Though family farming has many commonalities across the world, when scrutinized they face  heterogeneous and different conditions such as in crops grown, size of farms, government policies, access to new knowledge and technology etc  in each region,  country and community. This entails that the applications of ICTs will need to be adopted and adapted for local conditions and their effective use.
 
Several scenarios may happen, with current trends, policies and directions by governments and societies, for family farming in the future. These include emergence of rural poles of farms and farming linked to complex agri-food chains, continuum of rural-urban multifunctional systems of activities linked to local markets of diversified products, agro-industrial systems of activity linked to global markets of standardised products and marginalized family farms in abandoned rural areas.
 
 
 
 
Participants in the conference expressed the opinion that applications of ICTs could influence the emergence and the function of underlying systems that support the above scenarios. Vice-versa the emergence of these scenarios could influence the application and use of ICTs. For example, rural poles with complex agri-food chains for agricultural commodities used as industrial and manufacturing feedstock and food would benefit from ICTs automation, robotics, integrated farm management systems and traceability systems. Rural-urban systems could benefit significantly from information systems that enable educating producers and consumers on linkages between production and consumption in terms of resources used, wastage, ecosystem conservation and community participation. Similarly, large agro-industrial systems would greatly benefit from ICTs that can monitor and support decision making at various levels as also automate many human labour intensive farming functions.
 
Participants at the Conference after considering the various trends (and possible disruptions) in family farming and ICTs, their possible scenarios and the key driving forces, equitable participation in fair and just markets and the need for learning to learn and effectively use knowledge, skills and technology for continuously adapting and improving family farming to emerging challenges concluded that family farmers for improving their farming systems through ICTs needed:
 
  • Policies promoting and enabling aggregation of family farmers and farming systems such as through cooperatives, producer organizations, farmer organizations etc. ICTs can contribute to “virtual” aggregation of farms, synchronization of farm inputs, processes, outputs and logistics to participate in markets.
  • New forms of advisory and support services for knowledge, skills and technology and for participation in markets including for prices, forecasts and finance
  • Trust Centers with Data and Information Agreements, Treaties with regulatory and enforcement mechanisms to share data at various levels and among multiple categories of users from plot, farm, farming system, region, national to global agricultural and related systems.

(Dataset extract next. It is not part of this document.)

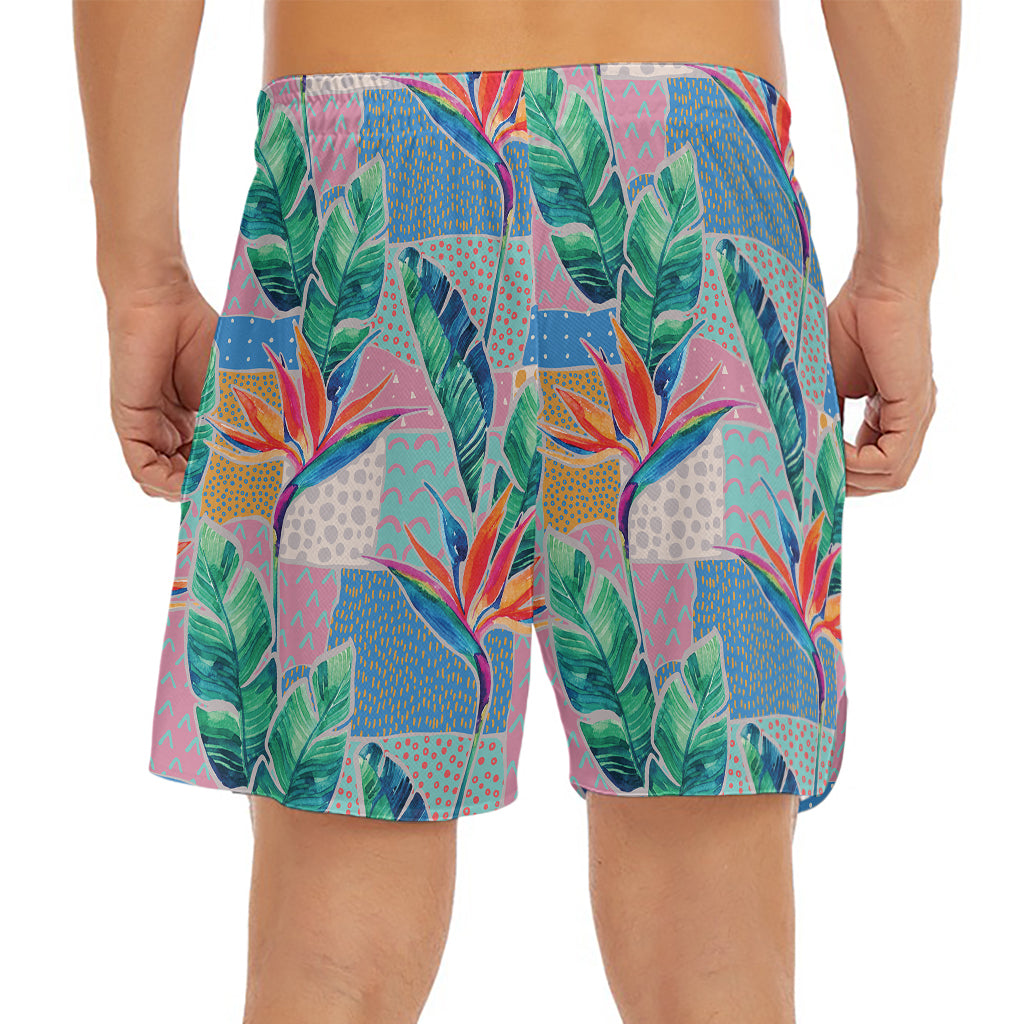 Watercolor Tropical Patchwork Print Men's Split Running Shorts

  • Inclusive Governance  of flow of data, information, knowledge, skills and technology
  • Inclusive development of standards
  • Open Technologies – Open data, information, knowledge, learning
  • Increased democratization of science, learning and support to exponential innovation
  • Lower cost of Hardware, infrastructure and connectivity
 
The participants recommended that these needs have to be considered together and actions taken to be holistically addressed to yield benefits to family farmers. They cautioned that action on only one or two items, as it usually happens, may not have beneficial results.